As fabulous as our brains are, they have their blind spots to happiness. Our brains are wired to chunk data and make things routine so we can handle more complex tasks. But what happens when it applies this method to other human beings or even the people who are dearest to us? When we feel connected, we feel balanced and happy. When we feel disconnected, we feel imbalanced and often unhappy. A little while ago New York Rescue mission tried out a little experiment to see just how invisible the homeless are to most of us. What they found will touch your heart and has implications for all our relationships. 

Here is a short 3-minute video of their experiment:

In the video you’ll see:

  • People agreed to pose as a homeless person.
  • Then, they had their unsuspecting relatives (wife, sister, cousin, grandson) walk by.
  • The relatives didn’t even notice their loved ones.

Underneath every human being is a need for belonging.

We all have a need to feel cared about, to be understood, to be accepted.

Whether it’s someone who is homeless, a friend, a cousin, a sister, a brother, parents or grandparents, our brains begin to objectify them and often times forget the common humanity that binds us.

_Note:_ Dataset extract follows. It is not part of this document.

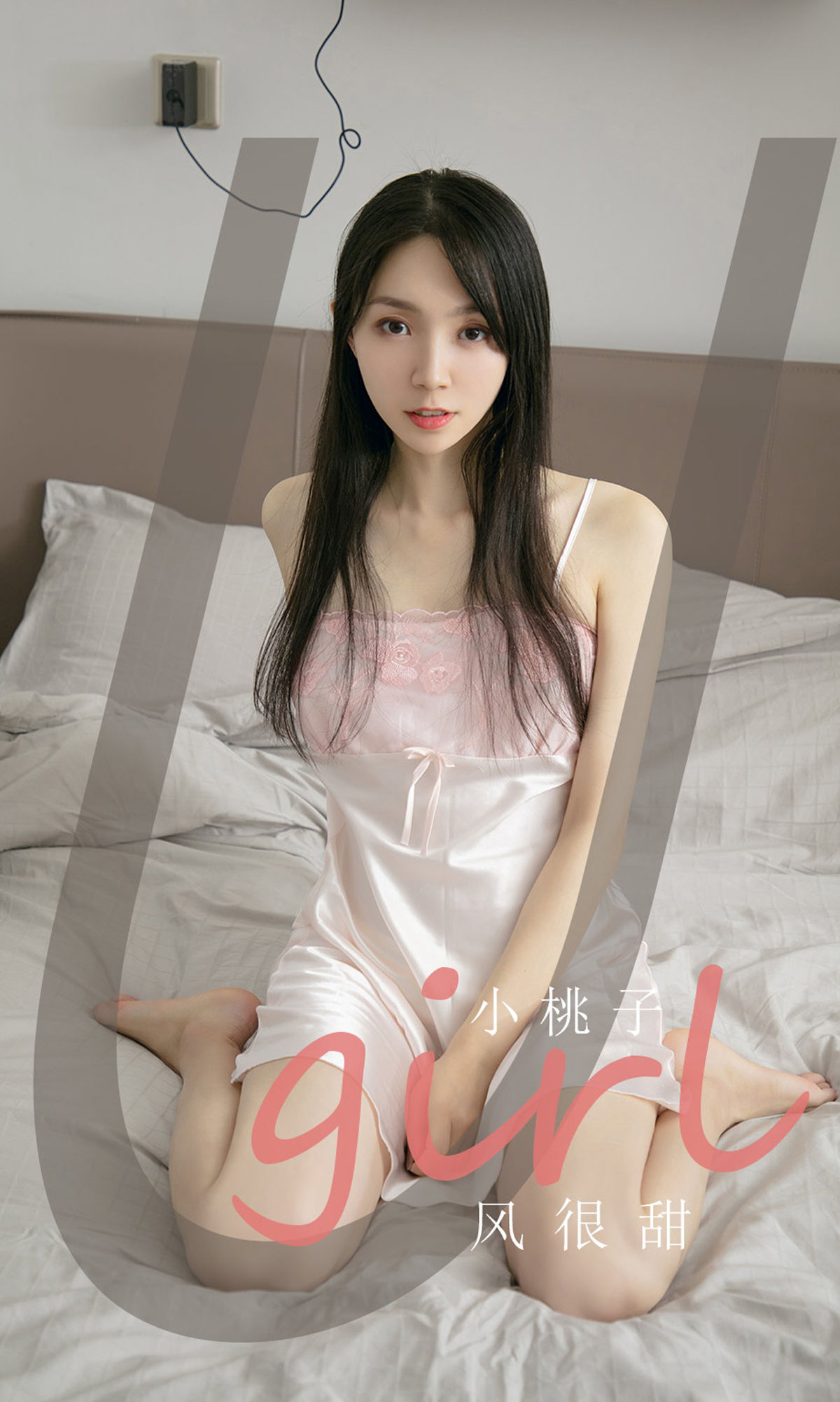 UGirls 爱尤物 No.2143 小桃子 风很甜 [35P]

Right now, break out of this routine and open your mind to these three questions:

  1. Who are you grateful for?
  2. Why are you grateful for them?
  3. How do you express your gratitude? (This is the part that is often left out, yet the most critical).

Make a commitment right now or at some point today to express it and see if you notice feeling a bit happier.

Our brain’s greatest blind spot may be that it is wired to make everything in object. But we have to remember that everyone is worthy of love and belonging (including ourselves). Choosing that is a conscious choice and that starts with mindfulness.

As always, please share your thoughts, stories and questions below. Your interaction creates a living wisdom for us all to benefit from.

PS - For fun, if you want to try out a little experiment to see beyond the object and experience the commonalities behind you and other people in your life, even a homeless person,  try the 2-minute “Just Like Me” practice.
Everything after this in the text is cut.